Uber Freight, a division of Uber Technologies (NYSE: UBER), works to streamline the entire freight-booking process and increase access for small carriers and owner-operators. In an effort to connect with its client base firsthand, the popular digital freight marketplace often sends representatives to industry events.

The company had a booth at the Great American Trucking Show (GATS) in Dallas last week. This provided its current and potential carrier partners with an opportunity to stop by and get to know the team face-to-face. In addition to engaging with partners at trucking shows, Uber Freight has a Carrier Advisory Board that meets throughout the year and 24/7 carrier support.

“Attending trucking shows like GATS has been in our DNA since the very beginning,” Uber Freight Director of Carrier Operations Sagar Shah said. “We love meeting and talking to carriers and drivers firsthand. We consider feedback from carriers when we build our products. We aim to understand and meet their business needs and challenges.”

Uber Freight’s carrier operations team exists to create and manage driver and carrier relationships. Getting real-time feedback is an important part of helping carriers get comfortable with both the team and the product. 


“We have had carriers that work with us on a regular basis come up to us [at GATS] and say, ‘I had trouble with this one load I worked last week. Can you help me resolve this issue?” Shah said. “It has been great to provide that level of support in a face-to-face interaction because often it is a phone-to-phone interaction.” 

The company sparked conversations last week with the launch of a new web portal for dispatchers and a redesign of its mobile application for carriers. The launch of the web portal paves a way for dispatchers to manage loads outside the mobile app for the first time, making Uber Freight an attractive tool for carriers with a larger pool of trucks.

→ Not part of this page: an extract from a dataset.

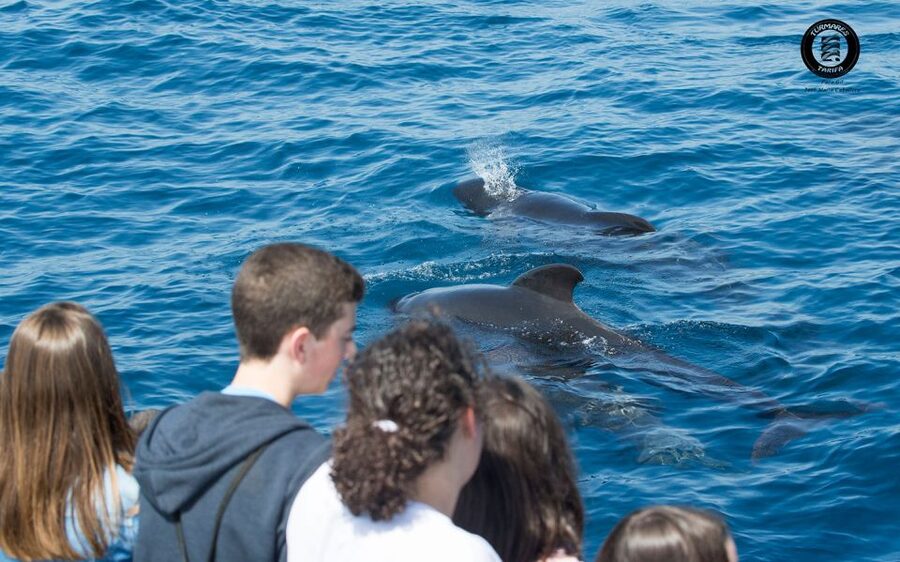 Tarifa: Whale & Dolphin Watching in the Strait of Gibraltar - Booking details worth knowing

“It’s true that fleets of one tractor comprise 60% of the total number of fleets, according to a recent FreightWaves estimate contained in our research paper ‘What are digital freight brokerages worth?’ But those single-tractor fleets only represent 8.7% of all trucking capacity,” FreightWaves Associate Editor JP Hampstead reported last week. “Including fleets of two to three tractors gets you another 6.6% of the industry. To get exposure to the majority of for-hire capacity, Uber Freight needed to provide a tool that could be used to manage a fleet of around 50 tractors.”

The introduction of the new portal opened Uber Freight up to midsize fleets in a way that it never was before. Showcasing that product at a show like GATS right after launch provided the company with a chance to connect with potential new carrier partners in a more personal manner.

Whether a fleet has one truck or 50 trucks, Uber Freight’s goal is the same: Eliminate wasted time and allow small carriers access to Fortune 500 shippers that would otherwise be impossible to reach.

“We want to improve the day-to-day lives of small carriers or owner-operators,” Shah said. “So much of that time is spent looking for the right loads and doing administrative work. What we have built is meant to reduce all the time spent on the administrative side and the load discovery side so they can focus more time on moving freight and being on the road.”
Uber Freight can level the playing field between large and small carriers by setting rates based on market conditions and a pricing algorithm, rather than by negotiating power on the phone.

Uber Freight travels to trucking shows around the country throughout the year in an effort to meet current and potential carrier partners right where they are. If the conversations at GATS are any indication, that strategy works.